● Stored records
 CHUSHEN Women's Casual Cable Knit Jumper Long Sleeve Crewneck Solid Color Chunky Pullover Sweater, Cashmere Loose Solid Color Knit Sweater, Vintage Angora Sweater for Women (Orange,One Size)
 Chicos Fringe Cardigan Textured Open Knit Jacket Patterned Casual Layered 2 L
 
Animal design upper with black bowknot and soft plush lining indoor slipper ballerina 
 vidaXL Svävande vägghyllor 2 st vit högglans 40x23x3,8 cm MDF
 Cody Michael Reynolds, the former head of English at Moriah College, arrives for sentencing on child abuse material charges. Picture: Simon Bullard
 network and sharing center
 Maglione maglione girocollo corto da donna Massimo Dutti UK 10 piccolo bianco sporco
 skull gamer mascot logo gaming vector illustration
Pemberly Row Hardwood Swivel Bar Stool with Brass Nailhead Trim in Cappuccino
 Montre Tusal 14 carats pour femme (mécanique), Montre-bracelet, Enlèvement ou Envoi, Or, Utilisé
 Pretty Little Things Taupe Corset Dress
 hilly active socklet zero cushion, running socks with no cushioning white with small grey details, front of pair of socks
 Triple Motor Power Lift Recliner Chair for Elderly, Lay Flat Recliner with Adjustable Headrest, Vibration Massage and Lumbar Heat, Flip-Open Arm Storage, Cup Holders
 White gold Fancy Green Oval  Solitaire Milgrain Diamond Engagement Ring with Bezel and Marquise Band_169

● ACTIVITY
The line containing "skull gamer mascot" marks where to begin; copy it and every later line exactly, through the end of the data.

● ANSWER TO THE PROBLEM
 skull gamer mascot logo gaming vector illustration
Pemberly Row Hardwood Swivel Bar Stool with Brass Nailhead Trim in Cappuccino
 Montre Tusal 14 carats pour femme (mécanique), Montre-bracelet, Enlèvement ou Envoi, Or, Utilisé
 Pretty Little Things Taupe Corset Dress
 hilly active socklet zero cushion, running socks with no cushioning white with small grey details, front of pair of socks
 Triple Motor Power Lift Recliner Chair for Elderly, Lay Flat Recliner with Adjustable Headrest, Vibration Massage and Lumbar Heat, Flip-Open Arm Storage, Cup Holders
 White gold Fancy Green Oval  Solitaire Milgrain Diamond Engagement Ring with Bezel and Marquise Band_169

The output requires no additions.